THE FAMILY REUNION. To 10 January.

London.

THE FAMILY REUNION
by T S Eliot.

Donmar Warehouse To 10 January 2009.
Mon-Sat 7.30pm Mat Thu, Sat & 24 Dec 2.30pm.
no performance 25-26 Dec, 24 Dec (eve), 1 Jan (mat).
Audio-described 13 Dec 2.30pm (+ Touch Tour 1.30pm).
BSL Signed 8 Jan.
Captioned 16 Dec.
Runs 2hr 40min One interval.

TICKETS: 0870 060 6624 (no booking fee).
www.donmarwarehouse.com
Review: Timothy Ramsden 29 November.

Sin and expiation in an oak-panelled room.
A clock ticks as an old woman makes her way into the high, oak-walled room. Various tickings sound symphonically as she’s joined by other members of the Monchensey family. Mostly old, these living dead assemble as the estate awaits the return of its rightful owner, Harry.

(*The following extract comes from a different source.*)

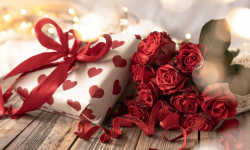 Ruszył konkurs plastyczny dla dzieci i młodzieży z gminy Kostomłoty. Temat? Walentynki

Gloomy as the dark of Bunny Christie’s set, there’s barrenness and bitterness around a choric quartet of relations, the clubbable English buffer (William Gaunt superb from the moment he complains about the young smoking and remembers his own cigarette mid-sentence), conventional officer of the Empire army (Paul Shelley, slow-witted in a powerful physique). And the women, Anna Cartaret’s bitter Violet at war with the world in her pinched expression and Una Stubbs’ more jolly if puzzled Ivy.

These are the dead of Wishwood House, opposed only by Agatha and young Mary. They share Harry’s (Samuel West, anguished and driven from the start) visions of these Furies, and wish to see him escape his guilt, showing love instead of clinging need or incomprehension as he arrives home after a long absence.

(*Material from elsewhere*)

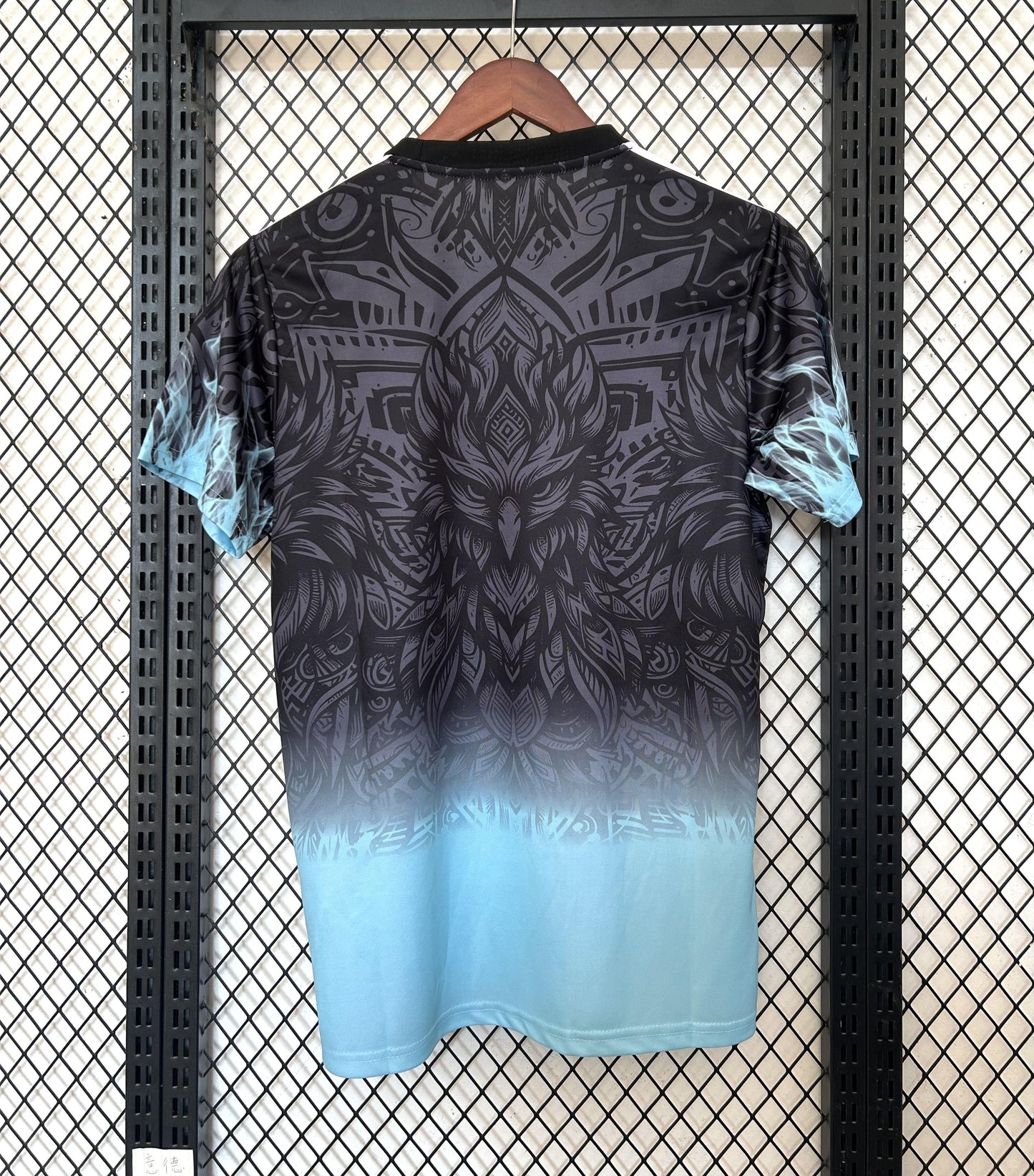 Liverpool "Abyssal Drake" Special Kit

T S Eliot based this play of guilt and atonement on Aeschylus’ Eumenides, conclusion of the Oresteia trilogy. Harry is an Orestes pursued by a murder that had its root in others’ crimes. At the play’s heart are Harry’s two long dialogues, with Mary then Agatha.

Director Jeremy Herrin can’t quite make these stretches as clear as the social comedy, suspense and occasional theatrical shocks elsewhere. Words are more clotted and less demotic than in most plays; this is aristocratic England with its various levels of condescension to Kevin McMonagle as Harry’s Pylades-like chauffeur, Christopher Benjamin’s bluff family doctor and Phil Cole’s plodding local sergeant – a cameo straight from mid-century theatre.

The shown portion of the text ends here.